Would you print out all of the data exactly and keep the pictures out of it?

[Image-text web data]
▶
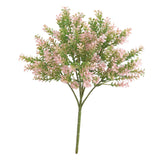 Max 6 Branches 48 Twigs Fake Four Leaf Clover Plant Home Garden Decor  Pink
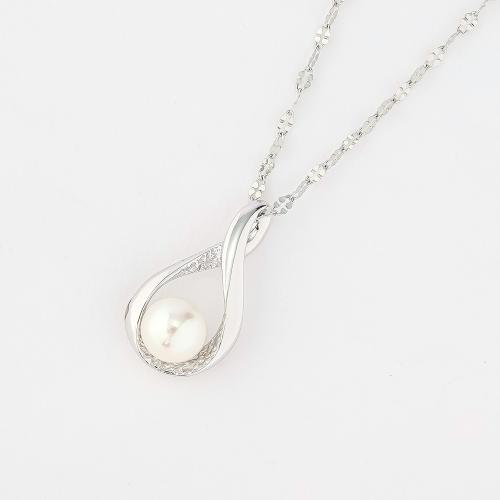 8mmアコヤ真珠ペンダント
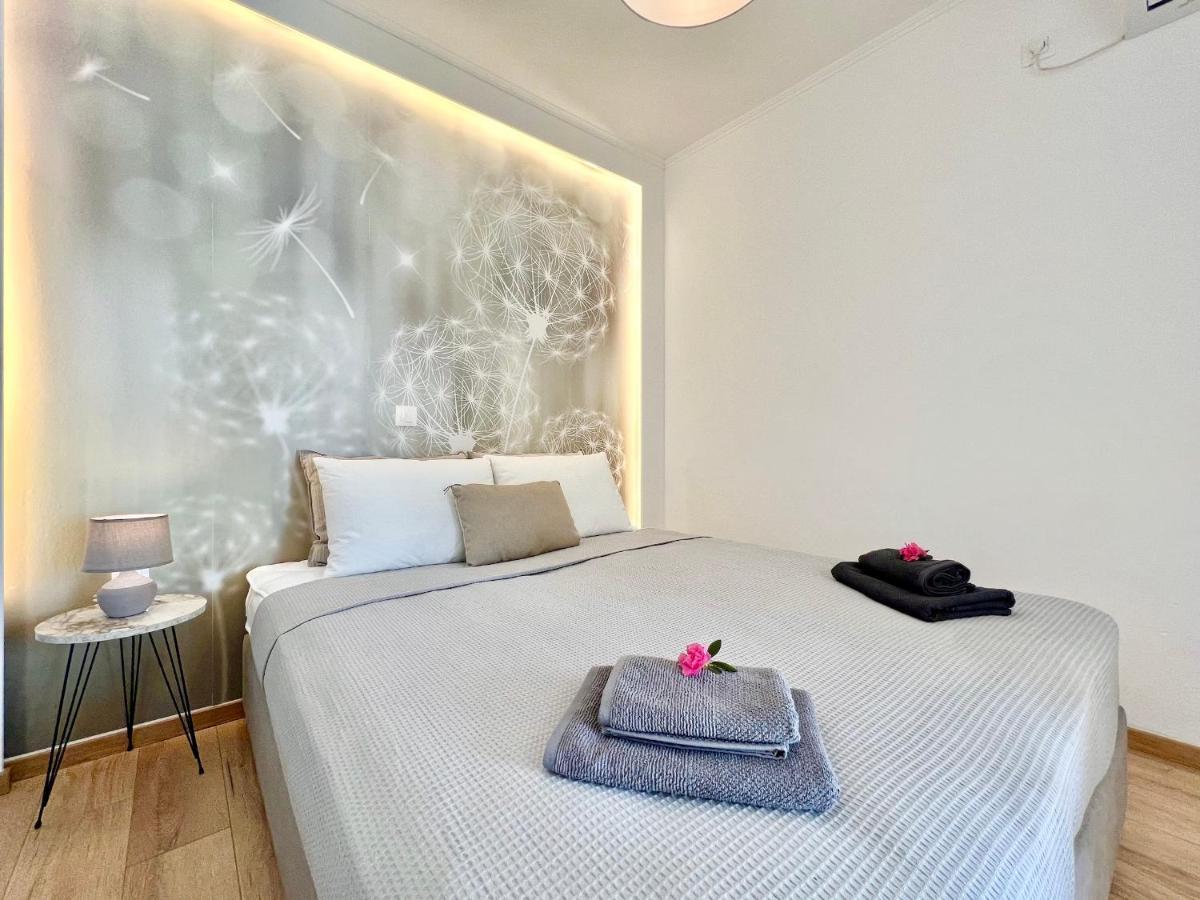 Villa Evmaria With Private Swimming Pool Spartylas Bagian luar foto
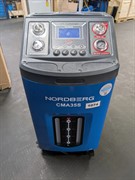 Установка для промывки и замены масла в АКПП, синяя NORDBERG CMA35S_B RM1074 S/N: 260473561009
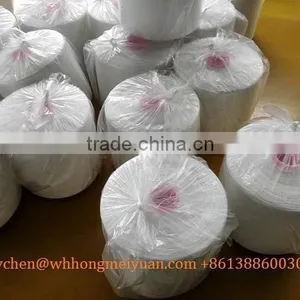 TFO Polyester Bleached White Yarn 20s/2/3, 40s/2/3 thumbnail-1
◀
_RESPONSE AREA_
 Max 6 Branches 48 Twigs Fake Four Leaf Clover Plant Home Garden Decor  Pink
 8mmアコヤ真珠ペンダント
 Villa Evmaria With Private Swimming Pool Spartylas Bagian luar foto
 Установка для промывки и замены масла в АКПП, синяя NORDBERG CMA35S_B RM1074 S/N: 260473561009
 TFO Polyester Bleached White Yarn 20s/2/3, 40s/2/3 thumbnail-1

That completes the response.